Rescue operations are still ongoing, but highly affected by bridges that have been washed away, roads cut off and power blackouts that are largely affecting the whole country. Nearly 50,000 households have been made homeless and forced to seek refuge in churches, schools or with family relations in other communities.  

Floods in Malawi
Lives have been turned upside down, particularly in communities that had never experienced flooding before.


“Since most of the areas are inaccessible, and considering the large number of displaced households, additional resources are required to provide assistance to all affected people”, read President Chakwera’s statement. 

Social services crippled 

A major road linking the commercial city, Blantyre, to the two districts of Chikwawa and Nsanje has been cut off by flooding, and several people are feared trapped by the surging waters, according to a statement by Malawi government officials. Commissioner Kalemba has assured that a search and rescue team is on the ground to help people trapped by the flooding, with Malawi's military and police leading the efforts. 

Miracle - Malawi
"There was once a house here", six-year-old Miracle told our staff, standing over what remains of her family home.

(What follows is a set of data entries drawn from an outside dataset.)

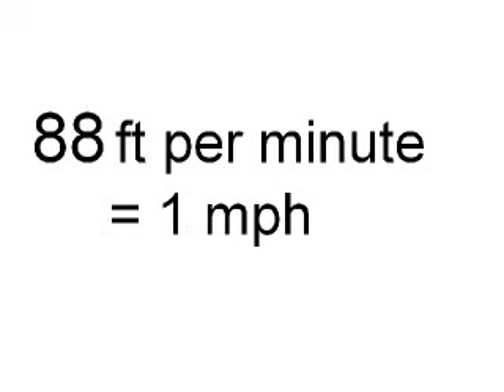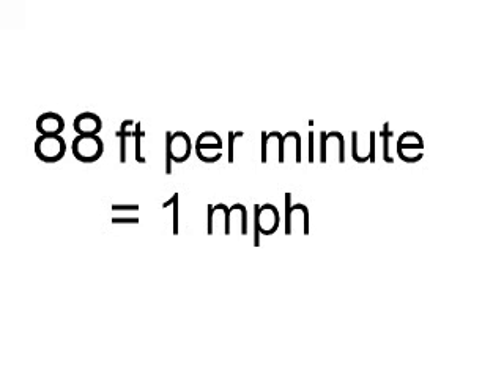The magic number is 88, because if you turned a wheel 88 feet in circumference at 60 RPM it would travel 60 miles per hour.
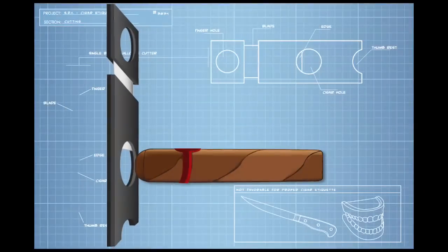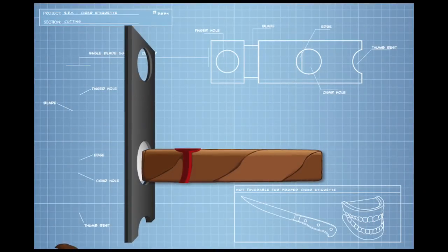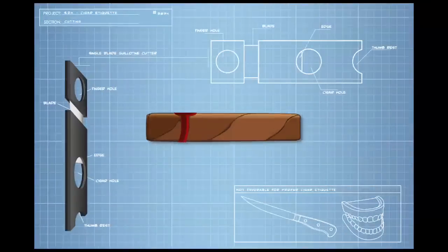The cut should be made just above the cap line before the shoulder. This will ensure proper flow and keep the wrapper from unwinding.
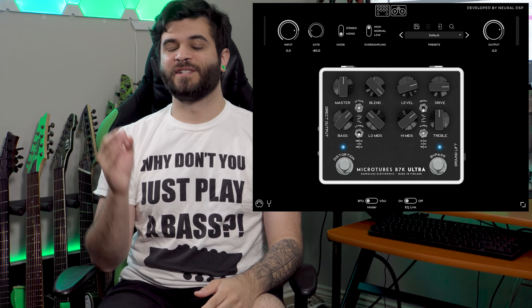They're quite different — different tone woods and all that stuff — but this is as close as I could get to an accurate comparison, so we're just going to roll with it. For both instruments I'm using the exact same tone, which is the Darkglass B7K plugin by Neural DSP, along with some additional post-processing.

Since 24 January, most parts of the country have experienced power cuts as debris carried by water torrents has knocked down power generation efforts, according to statements issued by the Electricity Supply Corporation of Malawi (ESCOM) and the Electricity Generation Company (EGENCO). In southern Malawi, the Education Ministry announced that classes have been suspended for all schools. 

Impact in World Vision programme areas

Twelve of World Vision’s 33 Area Programmes (APs) have reported floods, but no injuries or fatalities. The affected areas include Njema (Mulanje), Dindi and Thundu (Phalombe), Mpama, Onga (Chiradzulu), Chamba, Mposa, Mbonechera (Machinga), Nkaya (Balaka), Bwanje, Matope (Neno) and Kapeni (Ntcheu). Out of 36,259 children registered under World Vision’s sponsorship programme in the listed impact areas, approximately 3,038 from 2,022 households have been directly affected. 

Since initial alerts on Tropical Storm Ana were announced, World Vision teams have been on the ground, working to support children and families most affected. Currently, critical needs include search and rescue, temporary shelter for displaced persons, access to clean water, food assistance, and protection. 

“This flood comes in the midst of the coronavirus pandemic which significantly disrupted economic activities and education for children in Malawi”, said World Vision’s National Director in Malawi, Francis Dube. 

“Based on our 40 years of experience serving children in Malawi, we continue to partner with like-minded organisations to provide affected children and families with food, emergency shelter, and non-food items, access to clean water and sanitation facilities”, added Dube. 

In the past six years, Malawi has faced two deadly flooding episodes that have claimed several lives.